Sur la forme, il a été difficile de reconstituer les différents crédits entre l'enveloppe de la mission budgétaire « Recherche et enseignement supérieur », celle du plan de relance et celle du PIA 4.
Sur le fond, je regrette qu'il ait fallu attendre la plus importante crise de notre histoire économique pour que le Gouvernement applique nos recommandations. Deux mesures étaient demandées par le Sénat depuis plusieurs années : une hausse importante du budget d'intervention de l'ANR afin de revenir à un taux de succès décent et l'augmentation des crédits affectés aux aides à l'innovation de Bpifrance.
Néanmoins, certains points de vigilance perdurent.
D'abord, les organismes de recherche non rattachés au ministère de la recherche ne bénéficient pas de la dynamique de la LPR. C'est notamment le cas de l'IFP Énergies nouvelles (Ifpen), le successeur de l'Institut français du pétrole (IFP), qui travaille sur l'hydrogène.
Ensuite, le glissement vieillesse-technicité ampute chaque année les budgets.

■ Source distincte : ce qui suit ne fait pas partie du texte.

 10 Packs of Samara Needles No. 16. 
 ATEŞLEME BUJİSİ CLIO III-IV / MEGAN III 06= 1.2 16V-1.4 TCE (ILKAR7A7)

Un effort est fait, mais les organismes auraient besoin d'au moins 28 millions d'euros.
Enfin, les documents budgétaires ne renseignent pas sur les moyens précis à mettre en oeuvre concernant les objectifs opérationnels de la LPR. Quid des financements pour que les jeunes scientifiques ne perçoivent pas une rémunération inférieure à 2 SMIC ? Nous n'avons pas obtenu de réponse précise sur ce point : cet objectif ne sera donc vraisemblablement pas atteint en 2021.
Par ailleurs, il me paraît nécessaire de mettre rapidement en oeuvre deux actions.

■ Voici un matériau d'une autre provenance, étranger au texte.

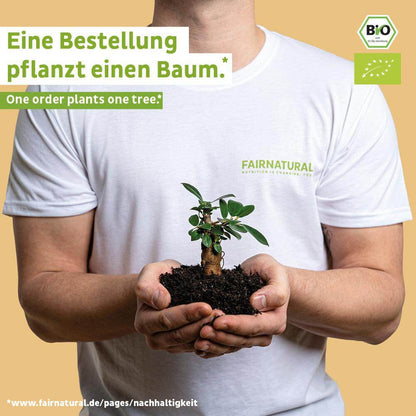 Capsule di Ashwagandha biologica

Les opérateurs ont des trésoreries très importantes, mais celles-ci sont bloquées pour des raisons liées à l'application d'une norme. Il faudrait faire évoluer cette norme pour que ces fonds puissent servir à la recherche.
Le projet de loi de finances pour 2021 supprime un dispositif essentiel, le doublement d'assiette pour les dépenses externalisées auprès d'organismes publics de recherche, dans le cadre du crédit d'impôt recherche (CIR), qui permet de renforcer les liens entre la recherche publique et les entreprises. Il faudrait reporter l'application de cette mesure à 2022 ou 2023.
Le Fonds pour l'innovation et l'industrie (FII) est une poche budgétaire qui prolonge les actions de la mission « Recherche et enseignement supérieur ». Néanmoins, il constitue une débudgétisation contestable qui prive les parlementaires d'informations précises.
Une anecdote est révélatrice de la stratégie particulièrement brouillonne en ce domaine. Parmi les actions financées devait figurer un fonds de 70 millions d'euros par an pour l'émergence de l'innovation de rupture. À ce jour, seuls deux grands défis ont été lancés ; le troisième, qui portait sur un projet de stockage de l'énergie, a été arrêté en raison de la démission du directeur du programme. En matière d'innovations de rupture, l'État cherche encore son chemin...
Je proposerai donc à la commission des affaires économiques un avis favorable à l'adoption des crédits de la mission, sous réserve de l'adoption de l'amendement que le rapporteur spécial présentera dans quelques jours.